Once you reach the line with "free KINDLE 📚", transcribe it and every line after it to the end of the records, exactly, but not the pictures.

> **Records provided**:
########################################
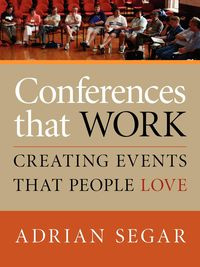 CONFERENCES THAT WORK - Adrian Segar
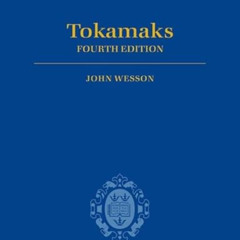 free KINDLE 📚 Tokamaks (International Series of Monographs on Physics, 149) by  John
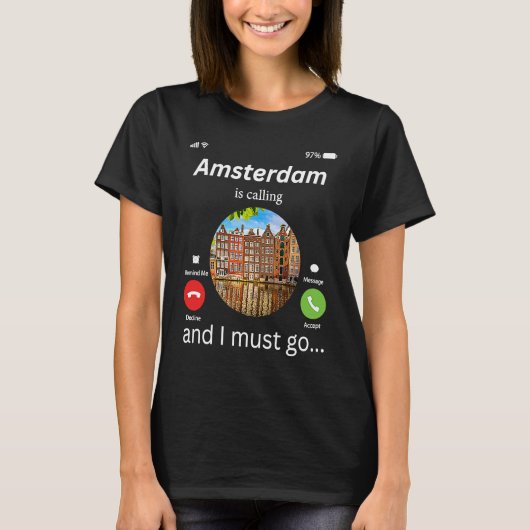 Amsterdam Is Calling And I Must Go Amsterdam The N Tシャツ (正面)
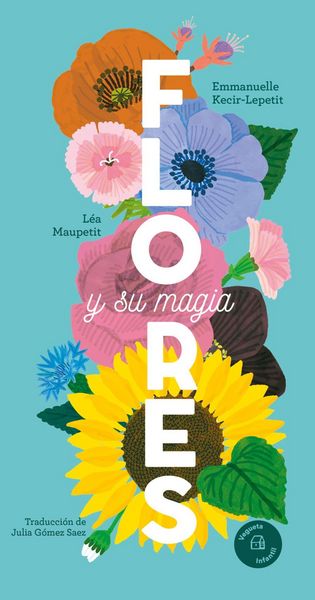 Produktbild: Flores Y Su Magia / Flowers and Their Magic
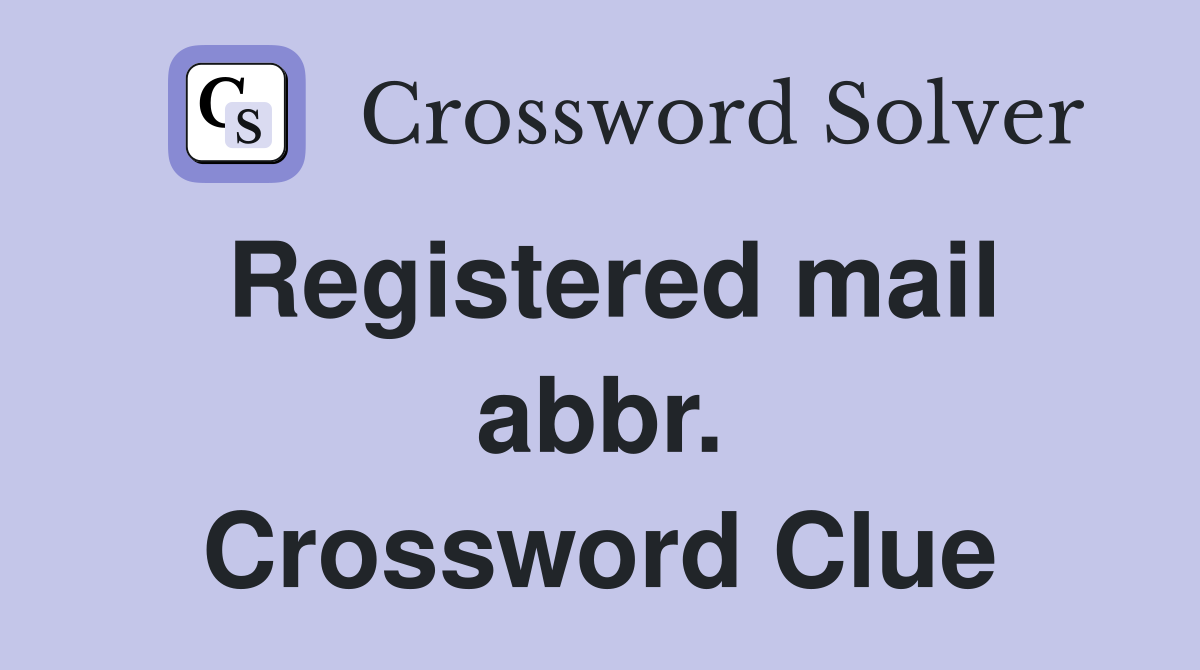 Registered mail abbr. Crossword Clue
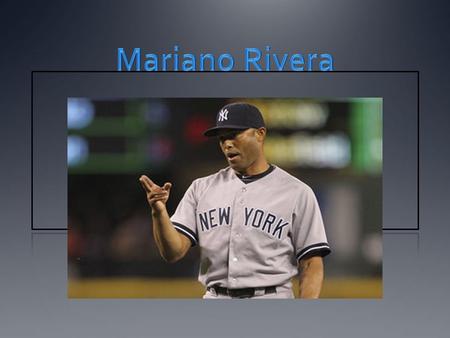 Early Life Mariano Rivera was born on November 29, 1969 in Panama City, Panama. He has 2 brothers and 1 sister. Mariano le gusta jugar al fútbol. He wanted.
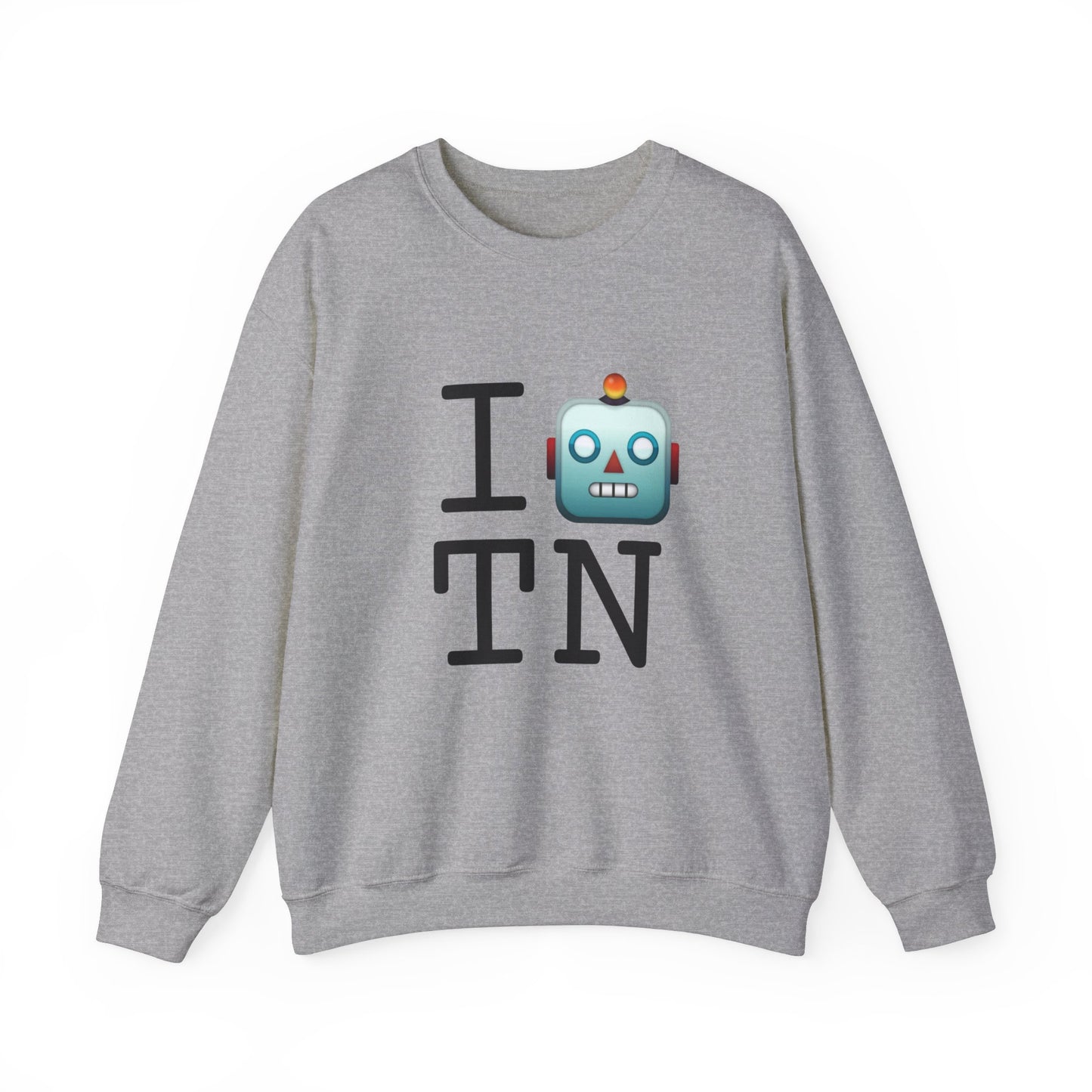 "I'm a Robot in Tennessee" Sweatshirt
########################################
> **Exercise response**:
 free KINDLE 📚 Tokamaks (International Series of Monographs on Physics, 149) by  John
 Amsterdam Is Calling And I Must Go Amsterdam The N Tシャツ (正面)
 Produktbild: Flores Y Su Magia / Flowers and Their Magic
 Registered mail abbr. Crossword Clue
 Early Life Mariano Rivera was born on November 29, 1969 in Panama City, Panama. He has 2 brothers and 1 sister. Mariano le gusta jugar al fútbol. He wanted.
 "I'm a Robot in Tennessee" Sweatshirt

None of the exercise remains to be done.